Amazon hasn’t been able to replicate this success, for a variety of reasons. For one thing, the US already has a highly developed consumer payment market where habits are entrenched. Merchants may also distrust Amazon as a partner, according to Bernstein analyst Harshita Rawat. Since Amazon is seen as a threat to the retail sector, smaller merchants may be reluctant to allow Amazon to have their data or to otherwise depend on its services. Its efforts in the payment arena have also been unfocused and disorganized, Rawat said.
Despite Amazon’s limited success so far, Alipay’s example may provide impetus for Amazon CEO Jeff Bezos to keep trying. Alipay, which now falls under the umbrella of Alibaba affiliate Ant Financial, has become a financial force in its own right, and the company has been making strategic investments and partnerships from Thailand to India.

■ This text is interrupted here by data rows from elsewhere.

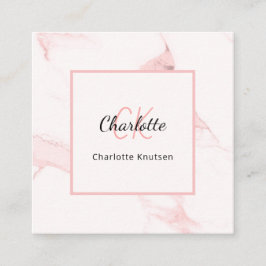  rosa marble monogram elegant QR-kod Fyrkantigt Visitkort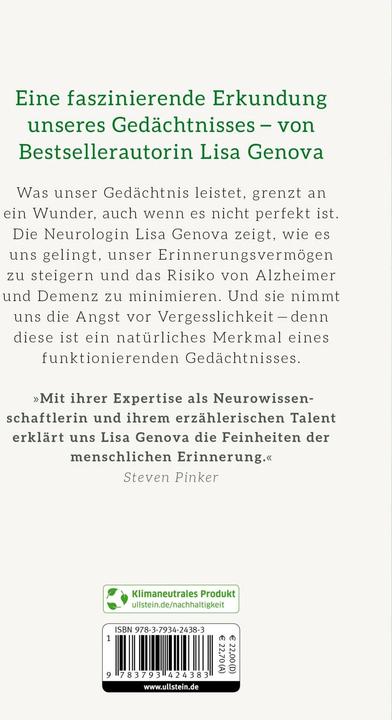 Image du produit Die Gabe der Erinnerung und die Kunst des Vergessens (Allemand, Lisa Genova, 2021)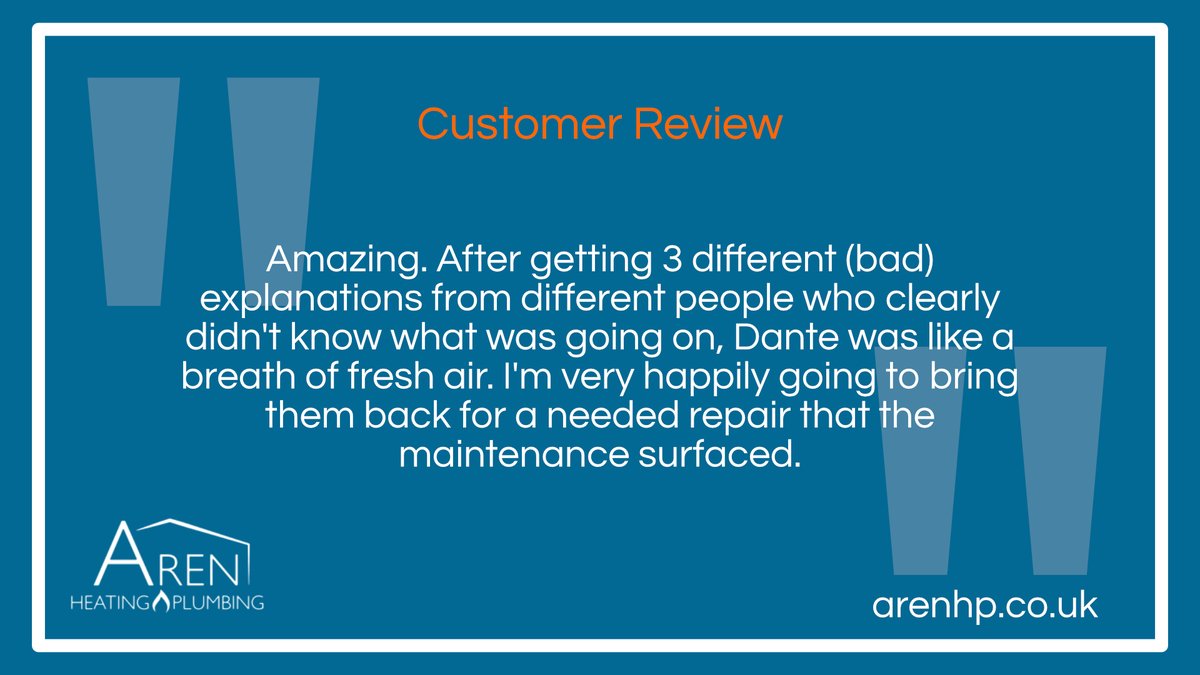 ArenHeating's tweet image. 📢 New Customer Review

This is just a snippet of a review we recently received. Goes to show that not all tradesmen know what they are doing. With Aren, you can relax knowing you are in safe hands.

See this review and more on our Google Business profile google.com/maps/place//da…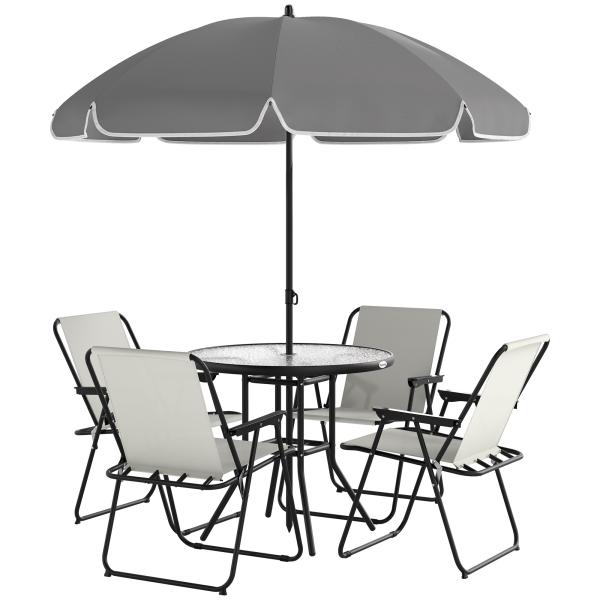 Conjunto de Mesa e Cadeiras de Jardim de 6 Peças com 4 Cadeiras Dobráveis Mesa de Vidro e Chapéu de Sol Creme
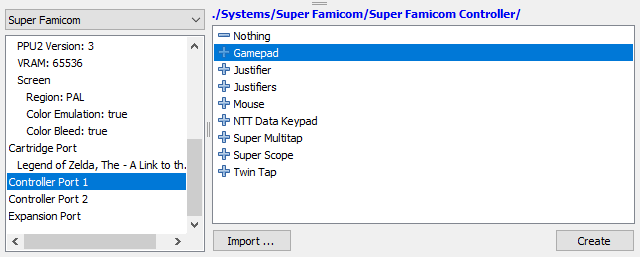 higan gamepad connection panel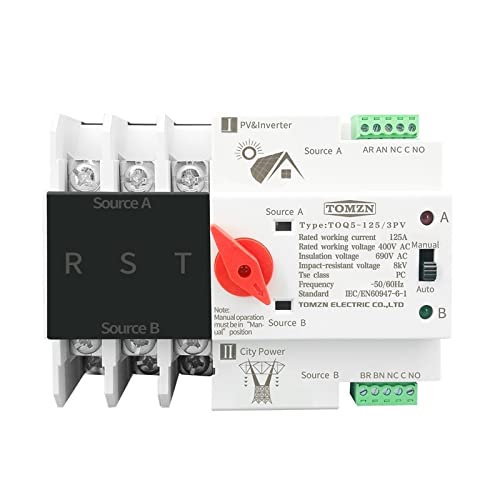 1 Stück 3P 3-Phasen-DIN-Schienen-ATS for PV und Wechselrichter, Dual Power Automatic Transfer Selector Switches (Größe: 100 A)(100A) von AMOKD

By all appearances, Amazon is trying hard to push Amazon Pay. The company has launched Amazon Cash, a barcode system for using physical cash to load online accounts with money, and may reportedly include peer-to-peer payments in its Alexa digital assistant system.
If Bezos succeeds in gaining wider adoption of Amazon Pay the US, it may not mean much for Alipay, which is focused on other markets. But PayPal, the original US digital wallet innovator, should be worried.